During "Value Tech for Women in Tech", we’ve had a rich agenda of meetings and networking events created by UniCredit Start Lab for the benefit of 20 female-led startups. On the second day, we met the well-known social media strategist Luca La Mesa, with whom we analyzed some trends in the world of social networks, in order to identify risks and opportunities for startup companies.

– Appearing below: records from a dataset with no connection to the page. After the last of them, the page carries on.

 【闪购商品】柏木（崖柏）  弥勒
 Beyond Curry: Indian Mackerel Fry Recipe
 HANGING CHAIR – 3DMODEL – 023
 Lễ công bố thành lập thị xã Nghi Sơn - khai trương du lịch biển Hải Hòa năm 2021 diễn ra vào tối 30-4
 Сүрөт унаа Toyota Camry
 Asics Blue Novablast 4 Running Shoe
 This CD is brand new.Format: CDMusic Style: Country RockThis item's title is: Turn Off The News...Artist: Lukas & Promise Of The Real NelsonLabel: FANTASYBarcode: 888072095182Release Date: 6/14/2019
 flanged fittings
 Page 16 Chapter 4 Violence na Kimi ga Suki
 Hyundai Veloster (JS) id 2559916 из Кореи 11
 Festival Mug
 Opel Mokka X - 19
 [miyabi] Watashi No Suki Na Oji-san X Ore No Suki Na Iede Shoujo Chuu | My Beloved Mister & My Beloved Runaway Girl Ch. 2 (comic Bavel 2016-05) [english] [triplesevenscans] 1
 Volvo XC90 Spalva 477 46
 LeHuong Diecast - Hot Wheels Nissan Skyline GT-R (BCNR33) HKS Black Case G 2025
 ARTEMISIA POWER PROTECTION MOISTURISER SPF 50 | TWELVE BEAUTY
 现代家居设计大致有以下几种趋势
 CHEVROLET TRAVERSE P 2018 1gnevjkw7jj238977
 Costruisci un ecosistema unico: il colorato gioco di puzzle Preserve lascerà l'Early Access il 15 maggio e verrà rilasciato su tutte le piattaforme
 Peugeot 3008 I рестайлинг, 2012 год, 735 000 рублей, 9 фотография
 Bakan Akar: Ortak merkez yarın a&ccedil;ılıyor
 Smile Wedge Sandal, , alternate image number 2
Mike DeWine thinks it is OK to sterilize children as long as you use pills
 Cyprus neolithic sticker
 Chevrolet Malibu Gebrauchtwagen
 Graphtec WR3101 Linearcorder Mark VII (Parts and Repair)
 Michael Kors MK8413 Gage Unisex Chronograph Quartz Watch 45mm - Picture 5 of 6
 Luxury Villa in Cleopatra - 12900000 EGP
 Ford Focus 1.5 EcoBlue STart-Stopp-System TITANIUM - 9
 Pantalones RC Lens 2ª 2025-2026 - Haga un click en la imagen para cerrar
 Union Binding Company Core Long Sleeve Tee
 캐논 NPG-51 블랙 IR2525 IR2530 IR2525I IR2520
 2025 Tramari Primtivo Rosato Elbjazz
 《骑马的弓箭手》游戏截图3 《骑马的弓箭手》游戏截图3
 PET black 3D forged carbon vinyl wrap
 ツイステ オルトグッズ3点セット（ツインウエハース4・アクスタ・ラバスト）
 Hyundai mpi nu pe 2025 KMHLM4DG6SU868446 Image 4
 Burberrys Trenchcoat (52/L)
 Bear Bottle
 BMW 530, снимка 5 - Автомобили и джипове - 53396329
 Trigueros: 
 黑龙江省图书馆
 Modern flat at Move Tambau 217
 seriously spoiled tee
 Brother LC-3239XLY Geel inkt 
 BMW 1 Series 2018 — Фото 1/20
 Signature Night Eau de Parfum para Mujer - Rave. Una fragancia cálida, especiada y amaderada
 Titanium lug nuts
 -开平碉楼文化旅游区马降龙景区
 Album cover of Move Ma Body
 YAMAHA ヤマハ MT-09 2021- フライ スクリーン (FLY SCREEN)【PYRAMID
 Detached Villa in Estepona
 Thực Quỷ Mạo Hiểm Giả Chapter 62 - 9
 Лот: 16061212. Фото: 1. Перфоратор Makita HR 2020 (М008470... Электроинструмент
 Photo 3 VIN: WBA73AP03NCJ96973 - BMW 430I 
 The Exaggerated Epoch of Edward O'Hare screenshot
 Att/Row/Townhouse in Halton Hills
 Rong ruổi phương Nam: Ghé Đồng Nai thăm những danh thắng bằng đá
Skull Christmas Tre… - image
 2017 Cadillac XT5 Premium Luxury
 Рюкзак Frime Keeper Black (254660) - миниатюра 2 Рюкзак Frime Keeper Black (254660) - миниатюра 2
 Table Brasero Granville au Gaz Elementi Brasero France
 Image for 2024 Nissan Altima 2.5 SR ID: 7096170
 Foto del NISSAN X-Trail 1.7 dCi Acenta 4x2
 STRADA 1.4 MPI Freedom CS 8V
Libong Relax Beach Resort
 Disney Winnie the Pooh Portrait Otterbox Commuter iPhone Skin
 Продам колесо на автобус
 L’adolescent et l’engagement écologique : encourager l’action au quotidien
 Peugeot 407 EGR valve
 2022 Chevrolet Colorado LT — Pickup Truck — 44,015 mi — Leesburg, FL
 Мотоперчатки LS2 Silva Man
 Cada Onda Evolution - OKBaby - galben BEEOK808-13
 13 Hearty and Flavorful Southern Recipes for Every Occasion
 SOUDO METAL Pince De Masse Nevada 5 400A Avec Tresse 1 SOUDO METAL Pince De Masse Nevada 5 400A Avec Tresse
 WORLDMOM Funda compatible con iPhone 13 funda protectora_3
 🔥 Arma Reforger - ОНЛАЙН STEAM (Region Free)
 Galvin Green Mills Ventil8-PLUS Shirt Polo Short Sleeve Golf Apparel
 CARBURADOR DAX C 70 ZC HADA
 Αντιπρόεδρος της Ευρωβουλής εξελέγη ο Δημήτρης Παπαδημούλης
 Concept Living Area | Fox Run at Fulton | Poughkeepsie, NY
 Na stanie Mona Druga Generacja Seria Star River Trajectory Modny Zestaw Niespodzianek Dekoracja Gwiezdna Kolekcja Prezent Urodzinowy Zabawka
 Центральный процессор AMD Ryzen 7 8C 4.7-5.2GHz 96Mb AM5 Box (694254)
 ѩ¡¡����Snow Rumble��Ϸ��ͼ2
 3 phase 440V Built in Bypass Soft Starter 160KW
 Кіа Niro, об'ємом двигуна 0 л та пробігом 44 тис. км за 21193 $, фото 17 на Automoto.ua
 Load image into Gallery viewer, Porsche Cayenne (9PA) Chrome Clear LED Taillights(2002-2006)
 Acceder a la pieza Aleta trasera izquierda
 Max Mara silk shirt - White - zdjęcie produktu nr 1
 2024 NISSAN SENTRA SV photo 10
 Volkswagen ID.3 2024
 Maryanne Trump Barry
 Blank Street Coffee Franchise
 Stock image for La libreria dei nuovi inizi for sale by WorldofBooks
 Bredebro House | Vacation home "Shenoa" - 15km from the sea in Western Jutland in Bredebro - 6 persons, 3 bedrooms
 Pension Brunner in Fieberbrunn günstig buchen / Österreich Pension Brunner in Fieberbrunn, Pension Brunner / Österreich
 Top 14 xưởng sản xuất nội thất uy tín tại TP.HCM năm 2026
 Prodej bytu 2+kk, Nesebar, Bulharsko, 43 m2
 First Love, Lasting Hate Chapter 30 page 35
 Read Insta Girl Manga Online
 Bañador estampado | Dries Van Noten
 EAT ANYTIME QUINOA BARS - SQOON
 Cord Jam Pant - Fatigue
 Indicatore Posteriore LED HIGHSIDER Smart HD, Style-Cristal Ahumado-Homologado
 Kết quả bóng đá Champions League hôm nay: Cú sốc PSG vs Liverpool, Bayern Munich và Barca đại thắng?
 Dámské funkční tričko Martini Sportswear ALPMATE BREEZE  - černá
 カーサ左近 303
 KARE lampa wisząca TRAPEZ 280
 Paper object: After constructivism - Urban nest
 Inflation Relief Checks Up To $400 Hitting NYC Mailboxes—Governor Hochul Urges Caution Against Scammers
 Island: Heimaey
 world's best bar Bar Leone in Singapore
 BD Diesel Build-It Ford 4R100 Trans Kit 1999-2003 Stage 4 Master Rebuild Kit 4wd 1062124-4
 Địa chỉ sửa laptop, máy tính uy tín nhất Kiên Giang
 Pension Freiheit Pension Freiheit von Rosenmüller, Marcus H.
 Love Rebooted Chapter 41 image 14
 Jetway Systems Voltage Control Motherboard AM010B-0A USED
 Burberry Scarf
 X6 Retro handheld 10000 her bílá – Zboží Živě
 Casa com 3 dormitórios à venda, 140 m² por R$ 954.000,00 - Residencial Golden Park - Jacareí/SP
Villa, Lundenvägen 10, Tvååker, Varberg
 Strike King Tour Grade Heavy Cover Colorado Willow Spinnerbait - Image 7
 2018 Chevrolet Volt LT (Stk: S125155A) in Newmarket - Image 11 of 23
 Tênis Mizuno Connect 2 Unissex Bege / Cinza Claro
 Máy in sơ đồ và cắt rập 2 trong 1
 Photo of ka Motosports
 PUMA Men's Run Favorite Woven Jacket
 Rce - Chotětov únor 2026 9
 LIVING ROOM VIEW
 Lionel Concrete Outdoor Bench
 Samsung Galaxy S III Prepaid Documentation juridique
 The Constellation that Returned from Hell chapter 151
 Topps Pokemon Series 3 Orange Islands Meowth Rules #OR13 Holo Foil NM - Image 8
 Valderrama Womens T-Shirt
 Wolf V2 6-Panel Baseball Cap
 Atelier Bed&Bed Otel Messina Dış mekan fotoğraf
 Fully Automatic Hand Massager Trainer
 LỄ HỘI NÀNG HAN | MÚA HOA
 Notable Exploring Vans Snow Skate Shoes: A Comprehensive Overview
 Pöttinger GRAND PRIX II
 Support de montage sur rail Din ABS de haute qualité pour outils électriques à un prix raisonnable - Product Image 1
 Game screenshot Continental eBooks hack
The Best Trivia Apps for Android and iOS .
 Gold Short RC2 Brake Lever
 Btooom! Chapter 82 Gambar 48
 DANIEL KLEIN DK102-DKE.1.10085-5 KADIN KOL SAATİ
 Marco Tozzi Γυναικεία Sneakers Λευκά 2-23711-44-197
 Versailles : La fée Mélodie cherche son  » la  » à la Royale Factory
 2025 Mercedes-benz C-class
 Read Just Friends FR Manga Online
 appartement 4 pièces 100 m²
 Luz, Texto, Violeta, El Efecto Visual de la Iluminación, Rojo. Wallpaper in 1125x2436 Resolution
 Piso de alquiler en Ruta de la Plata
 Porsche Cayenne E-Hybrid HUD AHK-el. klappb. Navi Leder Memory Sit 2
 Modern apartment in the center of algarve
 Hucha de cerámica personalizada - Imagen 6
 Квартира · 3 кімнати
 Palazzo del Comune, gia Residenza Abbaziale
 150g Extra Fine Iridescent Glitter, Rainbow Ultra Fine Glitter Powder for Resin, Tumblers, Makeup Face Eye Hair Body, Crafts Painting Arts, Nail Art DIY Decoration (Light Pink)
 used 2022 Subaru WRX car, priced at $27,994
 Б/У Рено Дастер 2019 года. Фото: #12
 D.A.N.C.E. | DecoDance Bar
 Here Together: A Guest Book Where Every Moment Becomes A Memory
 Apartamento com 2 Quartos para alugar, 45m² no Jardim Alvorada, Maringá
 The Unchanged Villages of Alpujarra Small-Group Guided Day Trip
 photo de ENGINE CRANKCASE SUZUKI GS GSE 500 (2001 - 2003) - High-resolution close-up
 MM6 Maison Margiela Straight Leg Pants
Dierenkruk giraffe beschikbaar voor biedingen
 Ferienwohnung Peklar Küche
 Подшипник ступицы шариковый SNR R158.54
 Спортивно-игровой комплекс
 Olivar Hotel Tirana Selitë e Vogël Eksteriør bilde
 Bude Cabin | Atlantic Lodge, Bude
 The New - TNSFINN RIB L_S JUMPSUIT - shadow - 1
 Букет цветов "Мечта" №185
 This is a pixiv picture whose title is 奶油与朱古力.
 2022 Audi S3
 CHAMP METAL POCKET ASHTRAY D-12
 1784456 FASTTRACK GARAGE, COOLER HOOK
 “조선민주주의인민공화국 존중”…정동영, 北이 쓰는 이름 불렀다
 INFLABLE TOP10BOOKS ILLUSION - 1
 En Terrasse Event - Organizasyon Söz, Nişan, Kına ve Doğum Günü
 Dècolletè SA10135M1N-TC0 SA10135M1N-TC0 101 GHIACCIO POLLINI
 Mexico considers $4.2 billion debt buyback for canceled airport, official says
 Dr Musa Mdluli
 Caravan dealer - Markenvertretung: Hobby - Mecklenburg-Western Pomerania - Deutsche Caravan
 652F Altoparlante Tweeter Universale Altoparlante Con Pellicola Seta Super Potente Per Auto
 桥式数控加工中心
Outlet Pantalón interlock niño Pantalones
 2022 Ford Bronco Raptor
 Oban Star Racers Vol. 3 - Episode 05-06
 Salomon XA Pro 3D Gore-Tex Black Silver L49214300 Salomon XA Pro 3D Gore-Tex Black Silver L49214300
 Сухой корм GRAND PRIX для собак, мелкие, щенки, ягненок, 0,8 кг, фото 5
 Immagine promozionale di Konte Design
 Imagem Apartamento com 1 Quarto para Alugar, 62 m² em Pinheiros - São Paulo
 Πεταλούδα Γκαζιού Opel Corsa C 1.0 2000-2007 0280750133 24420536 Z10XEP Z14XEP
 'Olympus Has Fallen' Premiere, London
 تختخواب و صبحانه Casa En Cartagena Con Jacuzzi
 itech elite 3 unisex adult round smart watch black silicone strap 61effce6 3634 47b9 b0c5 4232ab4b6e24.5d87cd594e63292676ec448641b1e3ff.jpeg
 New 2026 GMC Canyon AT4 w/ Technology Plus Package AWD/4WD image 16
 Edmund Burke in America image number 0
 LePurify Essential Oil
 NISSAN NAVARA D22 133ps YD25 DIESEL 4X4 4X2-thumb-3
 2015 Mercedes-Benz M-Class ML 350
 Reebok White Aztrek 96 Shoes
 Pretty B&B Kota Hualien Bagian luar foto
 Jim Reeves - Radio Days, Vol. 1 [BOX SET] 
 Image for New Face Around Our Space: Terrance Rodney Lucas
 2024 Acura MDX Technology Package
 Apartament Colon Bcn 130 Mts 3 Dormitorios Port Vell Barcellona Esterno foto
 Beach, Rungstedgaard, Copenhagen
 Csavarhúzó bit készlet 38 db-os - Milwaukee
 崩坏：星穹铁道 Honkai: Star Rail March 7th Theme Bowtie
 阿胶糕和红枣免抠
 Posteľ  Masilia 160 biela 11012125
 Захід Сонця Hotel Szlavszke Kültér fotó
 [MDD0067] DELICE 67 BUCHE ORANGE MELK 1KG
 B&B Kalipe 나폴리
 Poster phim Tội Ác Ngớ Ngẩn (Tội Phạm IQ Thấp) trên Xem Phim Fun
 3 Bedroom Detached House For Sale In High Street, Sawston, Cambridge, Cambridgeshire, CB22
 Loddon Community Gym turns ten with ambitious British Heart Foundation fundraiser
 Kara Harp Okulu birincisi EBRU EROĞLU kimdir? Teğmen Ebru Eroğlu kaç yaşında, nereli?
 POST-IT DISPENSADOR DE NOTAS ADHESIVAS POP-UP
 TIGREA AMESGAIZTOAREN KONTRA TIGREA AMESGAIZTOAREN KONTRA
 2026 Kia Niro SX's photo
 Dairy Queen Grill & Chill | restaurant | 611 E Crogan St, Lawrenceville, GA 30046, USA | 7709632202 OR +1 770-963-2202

Changing social consumption habits

"Changing right now," La Mesa recalls, "are first and foremost the platforms within which users spend the most time. In November 2019, I went to the offices of TikTok in China to better understand what was happening. A year and a half later, TikTok has shown incredible growth and has made some creators who first launched content that users liked extremely popular."  

 

"During the same period, Facebook lost users for the first time. In February 2022," La Mesa continued, "news came out that users accessing Facebook on a daily basis had declined from the previous quarter. Facebook lost about one million users in North America. A drop that is honestly small - if you consider that there are still 1.929 billion active users - but that has alerted the stock markets: Meta (the new name of the Facebook company, within which there are also Instagram, WhatsApp, Oculus and other services, ed.) has lost over 20% of its value on the stock exchange (-200 billion dollars)."  

 

"Startups must therefore bear in mind that Meta remains the most important platform to make their company known and seek new users but it is important to keep an eye on new channels such as TikTok. There have also been experiments with new platforms that rely only on audio (Clubhouse) but they represented a 'flare-up' during lockdown periods and then gradually faded away over time."  

Between advertising and privacy

"What needs to be taken into account is that digital advertising is losing profiling capabilities since, from the Cambridge Analytica scandals onwards, there have been several events, from regulations (GDPR) to some technological choices (Apple's iOS14), that have reduced the ability to profile users. We're all gaining more "privacy" from this but the feeling is that the whole thing will still have to evolve and in this interim period startups should not rely only on social channels for their communication and customer acquisition activities."

Social and technology: new opportunities

The next trend to keep an eye on is definitely technology, as the Web 3.0 world is growing steadily and opportunities and ad-hoc professionalism will arise to manage it. Meta has already announced incredible investments to develop its Metaverse and there are many opportunities for startups that will prove to be innovative in this vein.

Subscriptions: a reward for loyalty

A final important consideration concerns new business models. More and more subscription-based services are emerging and startups that move in this direction will have the advantage of being able to clearly estimate future cash flows, the Life Time Value of users and with these metrics it could open up many more opportunities to raise capital to allow them to scale further and further. For example, recently with my team we created a training platform with a single annual subscription at a nominal price, which demonstrated how you can set up a profitable business model even with annual micro-transactions from thousands of users. The most important metric in the future will be "loyalty" and the successful models will be precisely those with higher quality and higher subscription renewal rates.